The Mekong river sustains the world’s second-largest inland fishery (only the Amazon has greater biodiversity) and is home to 1,200 fish species – approximately 50 of which are caught commercially. According to the Mekong River Commission, approximately 2.6 million tons of wild fish and other aquatic resources are harvested each year, worth at least US$2 billion at first-sale value. Taking into account secondary industries, such as fish processing and marketing, the total economic value for the Mekong’s fisheries is between $5.6 and $9.4 billion per year, contributing significantly to the region’s economy. In Laos, a report for the World Fish Centre in 2007, Eric Baran and Blake Ratner calculated the amount of wild fisheries to 64,600 tonnes — 78% of the country’s total fish production and the direct value to the Laos economy is between $66m and $100m – 6% to 8% of GDP.
Around 70 percent of the Mekong River’s commercial fish catch migrate long distances, which is essential for their life cycle.
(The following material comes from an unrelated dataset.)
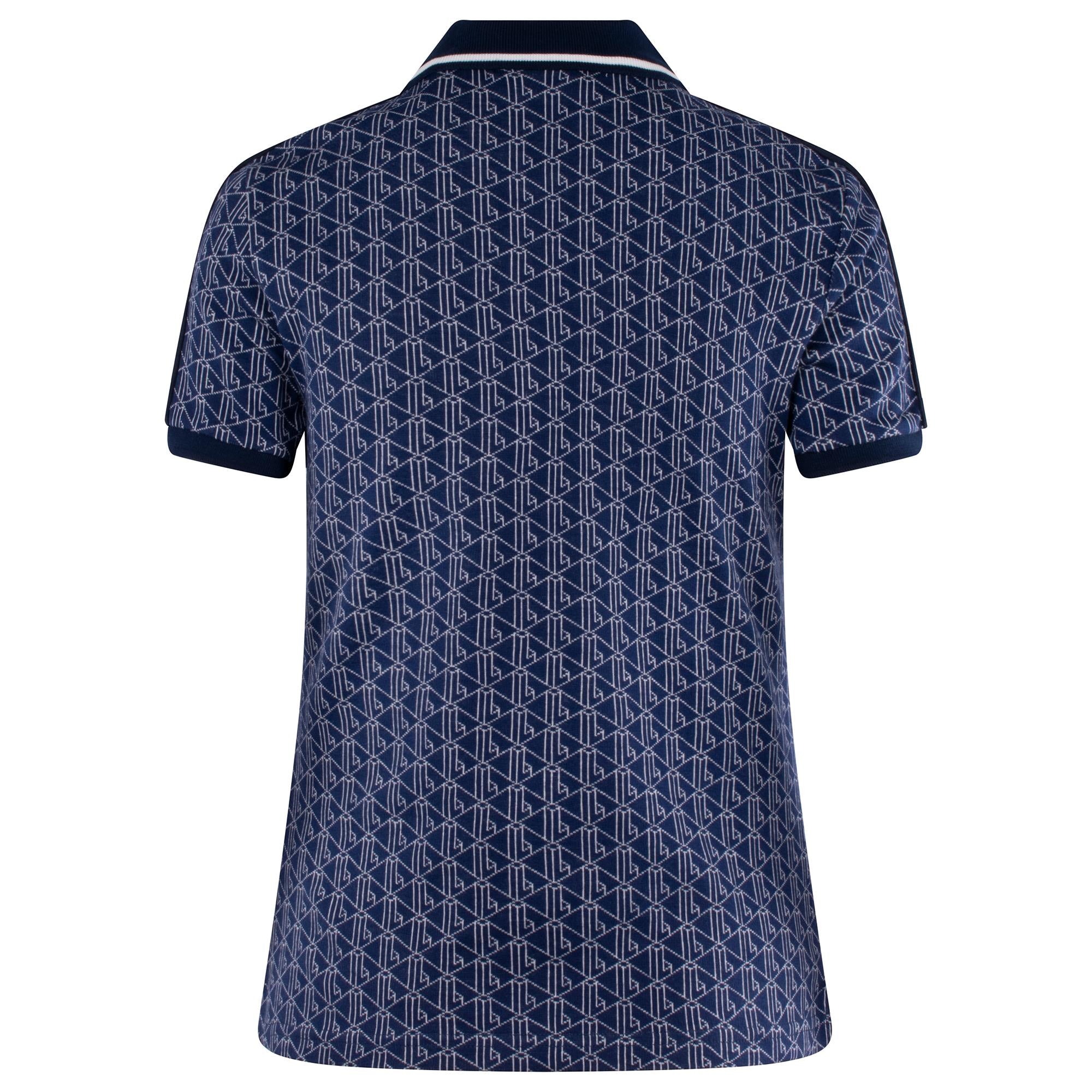 Ladies Lacoste Monogram Jacquard Polo Shirt Navy/White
Building dams on the Mekong River’s mainstream will block these migrations. Experience around the world indicates that these impacts cannot be mitigated. Existing fish passage technologies cannot handle the massive volume of fish migrations – which can reach up to 3 million fish per hour at peak migration times. Building dams would block this migration routes and could cause severe problems with supplying food for rural population of Laos and Cambodia, which depends almost completely on river fisheries nowadays.